Your mobile shopper browses, finds, selects, begins checkout and… aborts.


What happened? You may never know in every specific occasion, however there are some common causes that can be addressed. Here are four tips for streamlining your mobile shopping cart experience to ensure your e-commerce cart abandonment rate stays as low as possible so you can convert more mobile carts to checkouts.

1. Reduce the number of steps.

Simply shrinking desktop site menus from big to small won’t cut it. Rethink the whole shopping cart optimization process, and think “less” at every step.

Aim for the fewest possible touches to complete a transaction.

Don’t assume that the checkout steps you use on the desktop will translate to a mobile experience. Best practices for an e-commerce checkout flow might look different across platforms; five steps on desktop may have to be three on mobile to ensure that a customer continues through to payment.

2. Never go back.

The desktop experience may require a shopper to go back to a product page to change color or size, or require other similar page-hopping behavior. But going backwards is a death-knell on mobile.

The customer needs to be able to adjust color, quantity, or size on the checkout page, within the cart itself.

You may end up with a single page of elements that load differently from the desktop site. But give mobile shoppers everything they need to move forward from where they are right now.

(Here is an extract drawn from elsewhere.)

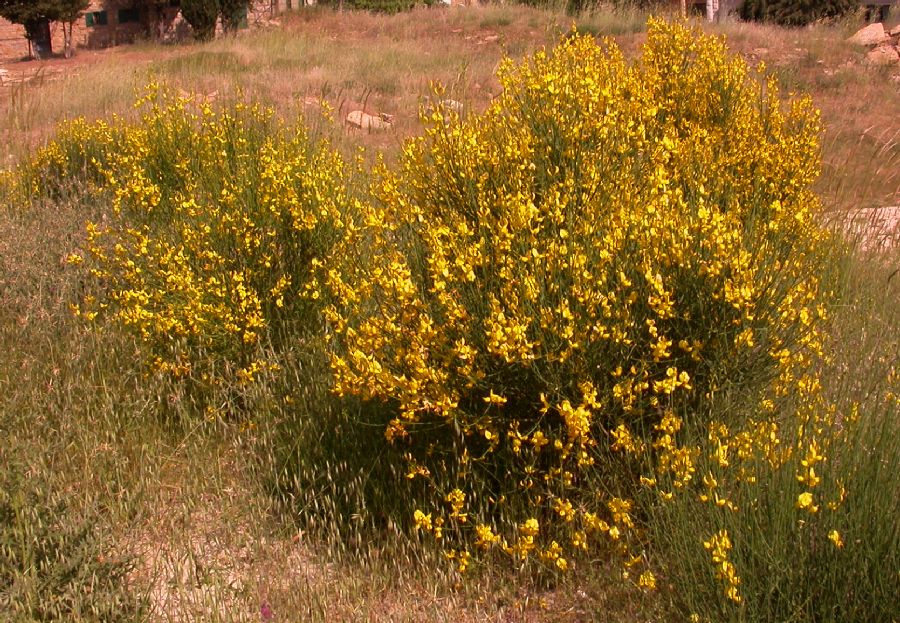 Fabaceae Spartium junceum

3. Provide shipping information sooner.

Your customer may abandon her cart when she gets to the shipping screen and finds shipping costs too high or shipping time to be too slow.

Here’s how to avoid this common driver of shopping cart abandonment. Use the GPS built into smartphones to estimate shipping costs and delivery times and give the customer that information earlier in the process so that the cart process is more straightforward. Or, offer the option to pick up at a local store.

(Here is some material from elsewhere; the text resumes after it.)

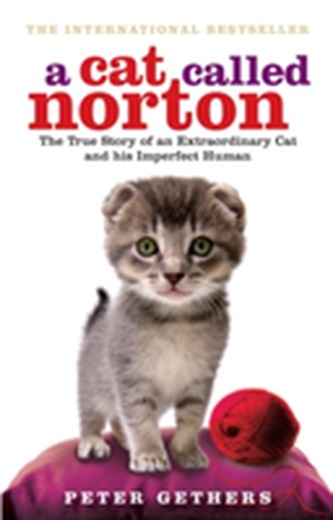 A Cat Called Norton A Cat Called Norton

4. Make payment dead-easy.

Inputting payment information is a key frustration in mobile checkout.

Apple has provided a bridge over this problem by allowing customers to take a snapshot of their credit card instead of manually inputting card numbers. Or, you might allow brand-loyal customers to store their credit card numbers on your site.

Be sure to provide multiple payment options.

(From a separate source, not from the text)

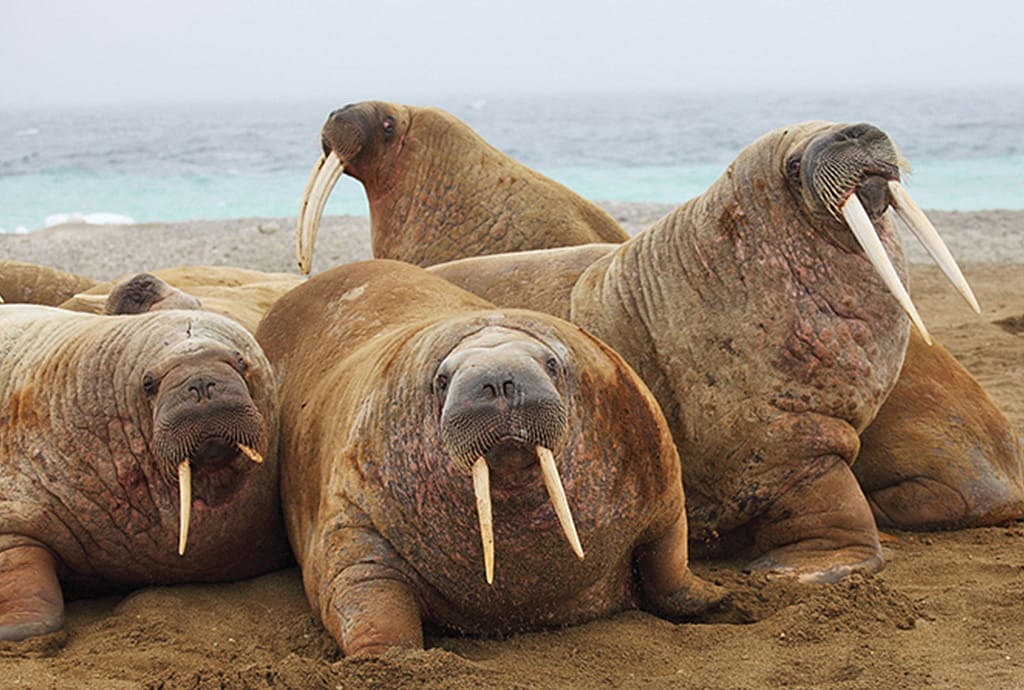 Groupe de morses se reposant près les uns des autres sur un rivage sablonneux, leurs longues défenses d’ivoire proéminentes sur fond de mer brumeuse.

More than a third of US online shoppers have PayPal accounts, and Mastercard and Visa have rolled out wallet solutions that are being adopted and simplify the payment process for the customer.


A successful mobile checkout is far more than just a “shrunk” or adjusted desktop checkout experience.

It often requires designing a completely revised checkout flow that takes advantage of mobile device features and more importantly, takes into account the much shorter attention span of mobile shoppers.